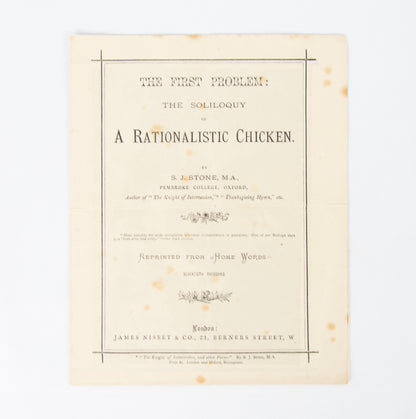 STONE, S. J. The First Problem: The Soliloquy of A Rationalistic Chicken.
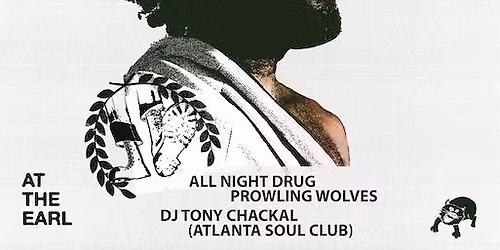 Monty Symarip & The Myriads w\/ All Night Drug Prowling Wolves & DJ Tony Chackal at The EARL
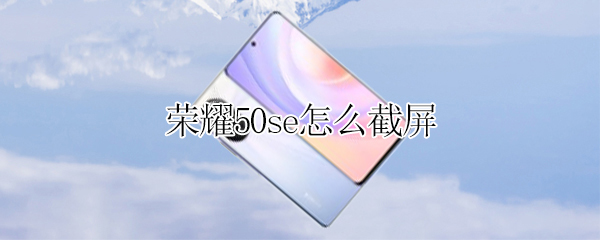 荣耀50se怎么截屏 荣耀50se怎么截屏的4种方法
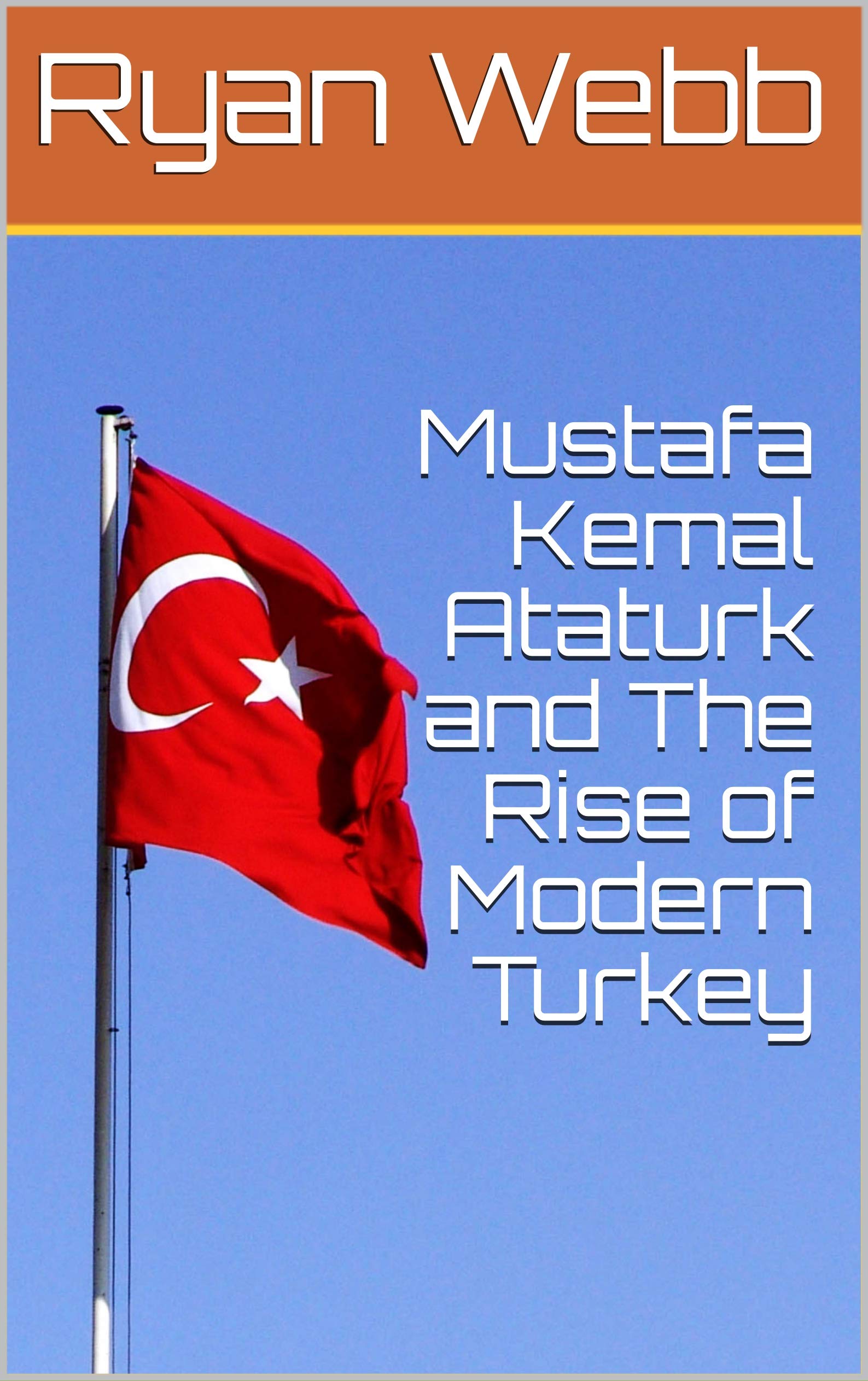 Mustafa Kemal Ataturk and The Rise of Modern Turkey by Ryan Webb ...
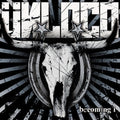 Ünloco: Becoming I - CD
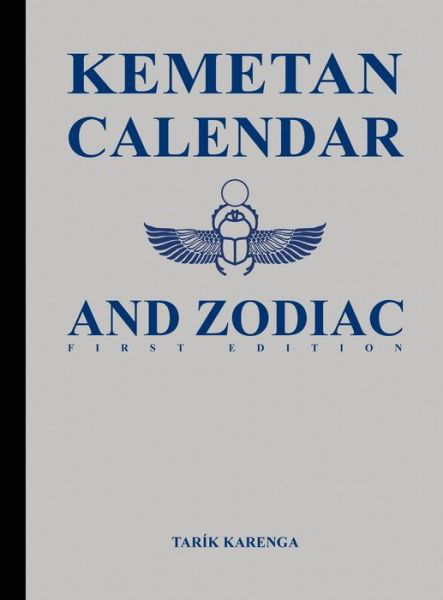 Cover for Tarik Karenga · Kemetan Calendar and Zodiac, First Edition (Inbunden Bok) (2022)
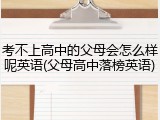 考不上高中的父母会怎么样呢英语(父母高中落榜英语)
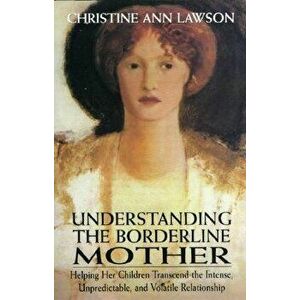 Understanding the Borderline PB, Paperback - Christine Ann Lawson imagine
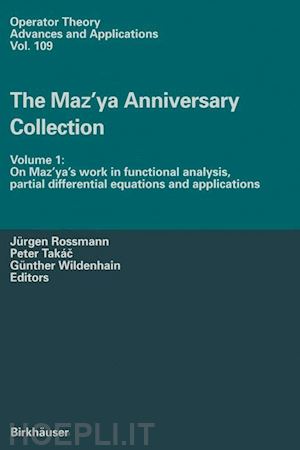 rossmann jürgen (curatore); takac peter (curatore); wildenhain günther (curatore) - the maz’ya anniversary collection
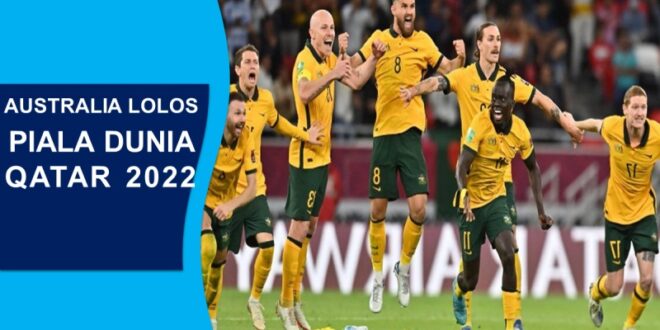 Australia Lolos ke Piala Dunia 2022, Socceroos Gabung Prancis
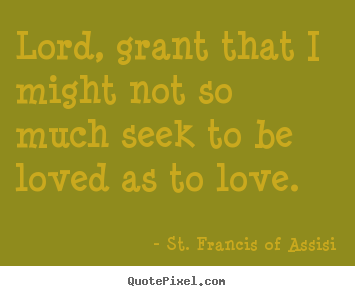 Sayings about love - Lord, grant that i might not so much seek to be loved as to love.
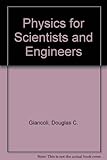 Physics for Scientists and Engineers Physics for Scientists and Engineers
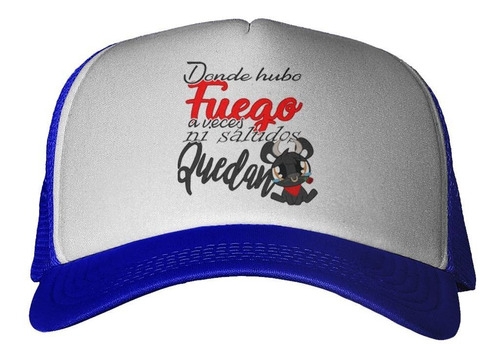 Gorra Frase Donde Hubo Fuego Ni Saludos Quedan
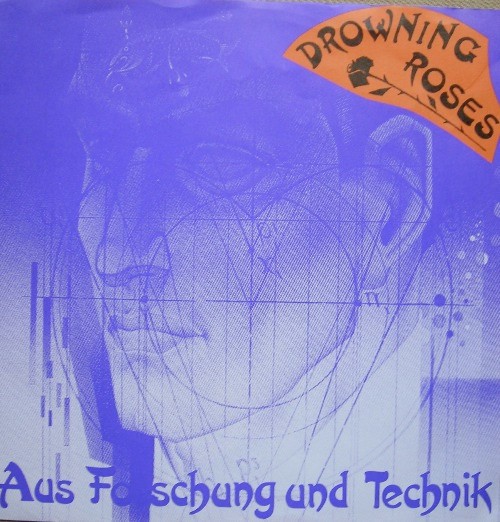 Drowning Roses – Aus Forschung Und Technik (1987) Vinyl 7″ EP
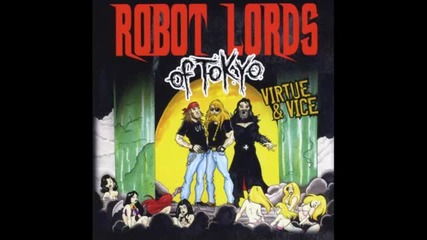 (2013) Robot Lords of Tokyo - Hell Will Have to Wait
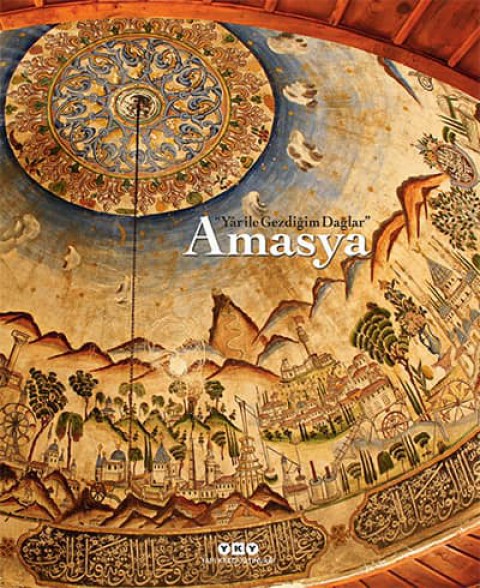 Amasya - Yar ile Gezdiğim Dağlar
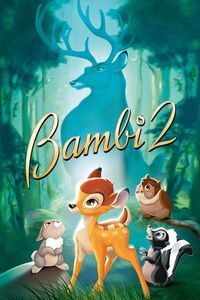 Download Bambi 2 (2006) Dual Audio {Hindi-English} BluRay ESubs 480p [250MB] || 720p [660MB] || 1080p [1.4GB]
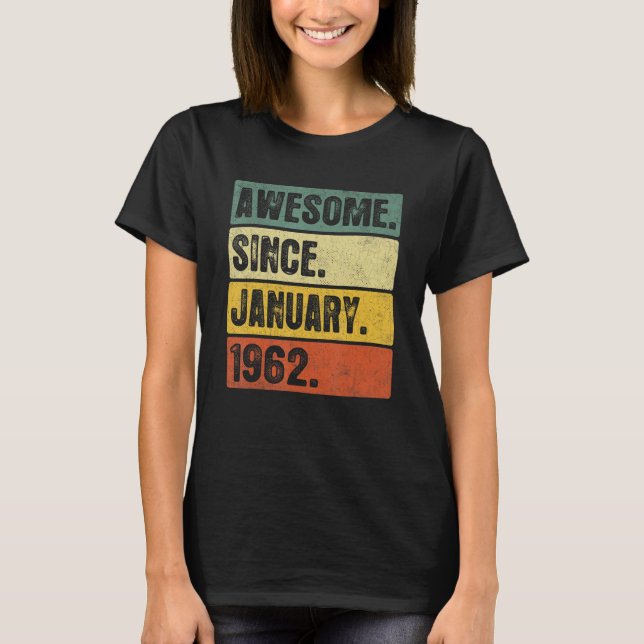 Fantastisk sedan januari 1962 61 år gammal 61 år t shirt (Framsida)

=== EXERCISE BRIEF ===
Print exactly what appears from the first line of the listing above down to the line containing "考不上高中的父母会怎么样呢英语(父母高中落榜英语)", inclusive, and leave out all pictures.

=== RESPONSE AREA ===
 STONE, S. J. The First Problem: The Soliloquy of A Rationalistic Chicken.
 Monty Symarip & The Myriads w\/ All Night Drug Prowling Wolves & DJ Tony Chackal at The EARL
 荣耀50se怎么截屏 荣耀50se怎么截屏的4种方法
 Mustafa Kemal Ataturk and The Rise of Modern Turkey by Ryan Webb ...
 Ünloco: Becoming I - CD
 Cover for Tarik Karenga · Kemetan Calendar and Zodiac, First Edition (Inbunden Bok) (2022)
 考不上高中的父母会怎么样呢英语(父母高中落榜英语)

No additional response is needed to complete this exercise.